Sie sprang vom Lager auf, bog die Vorhänge zurück, lehnte sich, wie sie da war, in das Fenster, das Nachtgewand von den Schultern reißend und Brust und Nacken in der kühlen Abendluft badend, die durch das Thal strich.

Und das that so wohl, das beruhigte ihr siedendes Gehirn, die überreizten Nerven. Niemand beobachtete sie ja in dem wie ausgestorbenen Ort.

So hatte auch die Feindin heut im Fenster gelegen und den Gatten erwartet.
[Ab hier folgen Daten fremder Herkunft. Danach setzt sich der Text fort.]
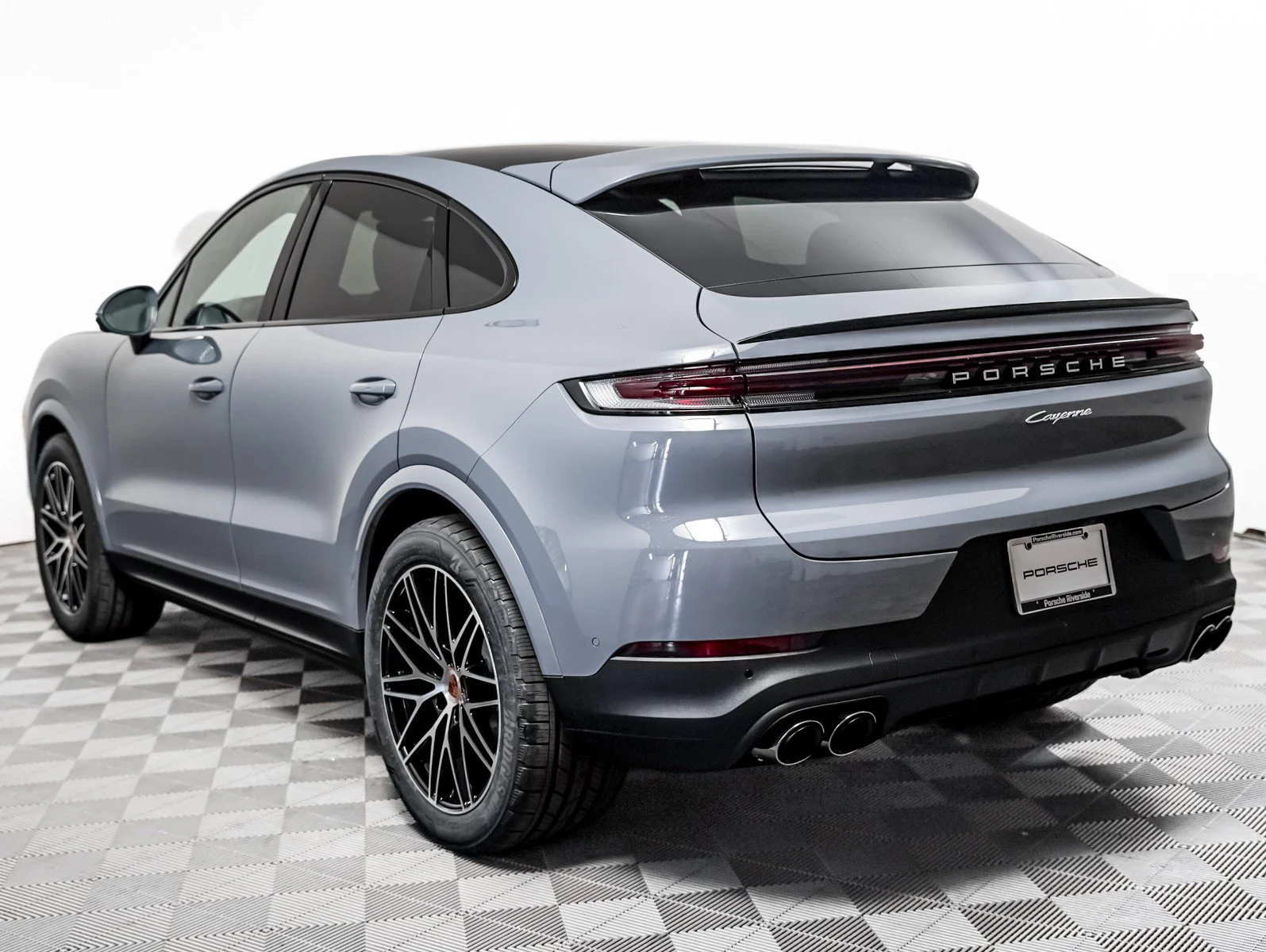 New 2026 ARCTIC GREY Porsche Coupe image 3
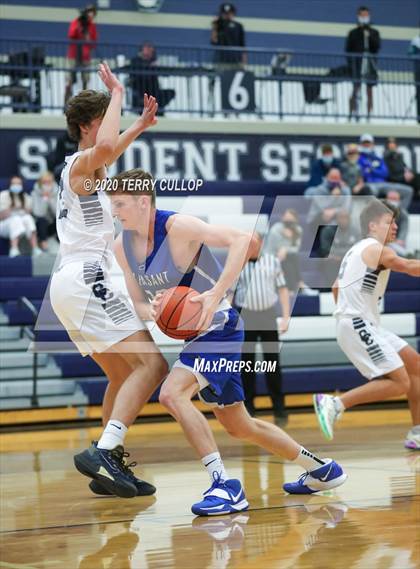 Thumbnail 2 in Pleasant Grove vs. Corner Canyon (CC Winter Invitational) photogallery.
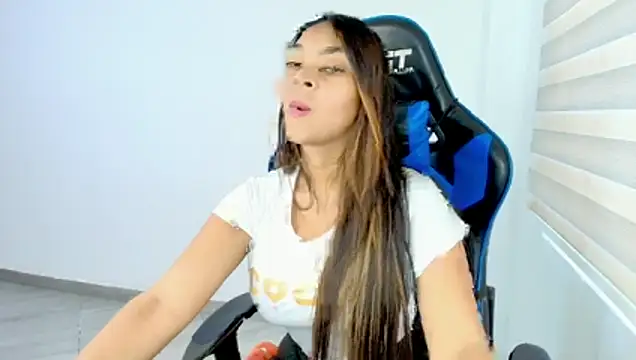sophiax-x stripchat live cam model
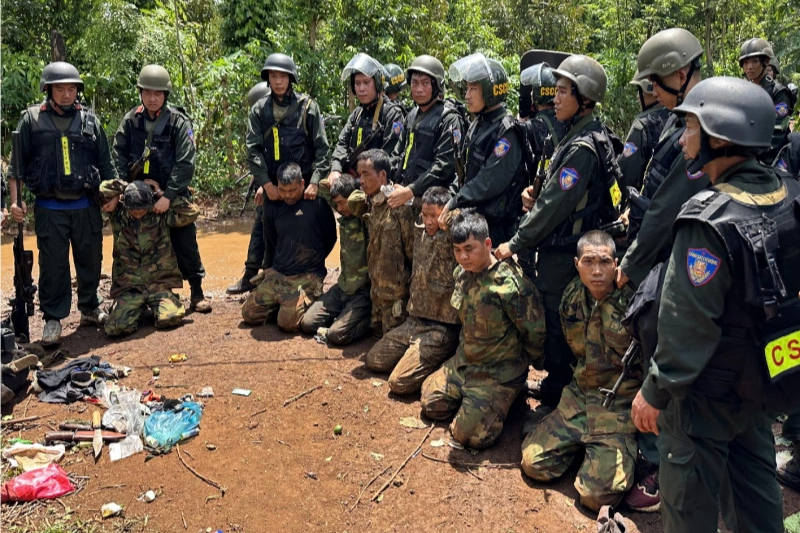 Băng rừng, vượt đồi truy bắt các đối tượng trong vụ khủng bố tại Đắk Lắk - 12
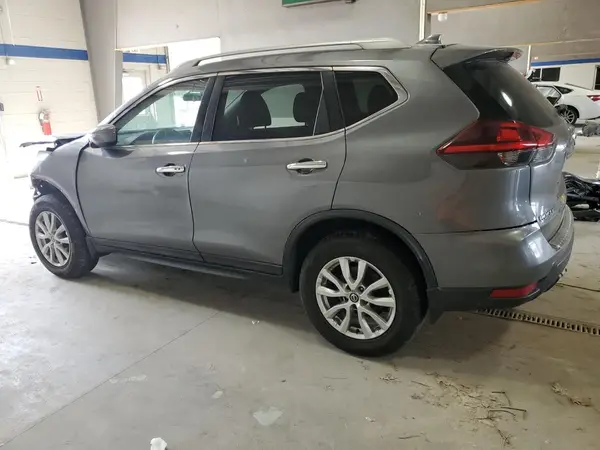 5N1AT2MVXJC814777 2018 NISSAN ROGUE - Image 2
Aber jener war längst daheim, und erst jetzt, nach Mitternacht, vernahm sie in einiger Entfernung die Schritte des ihrigen.

So trieb er es ja schon seit ihrer Vermählung. Die Nächte gehörten seinen Freunden, Gott wußte wem, nur nicht ihr!

Sie verschwand, eh' er sie bemerken konnte. Erwin suchte sie nicht. Sie löschte ihr Licht, als es auch in seinem Schlafgemache still geworden.

Jene Beiden liebten sich! Sie beneidete sie, aber es beruhigte sie dennoch, und mit dem Gedanken schlief sie ein.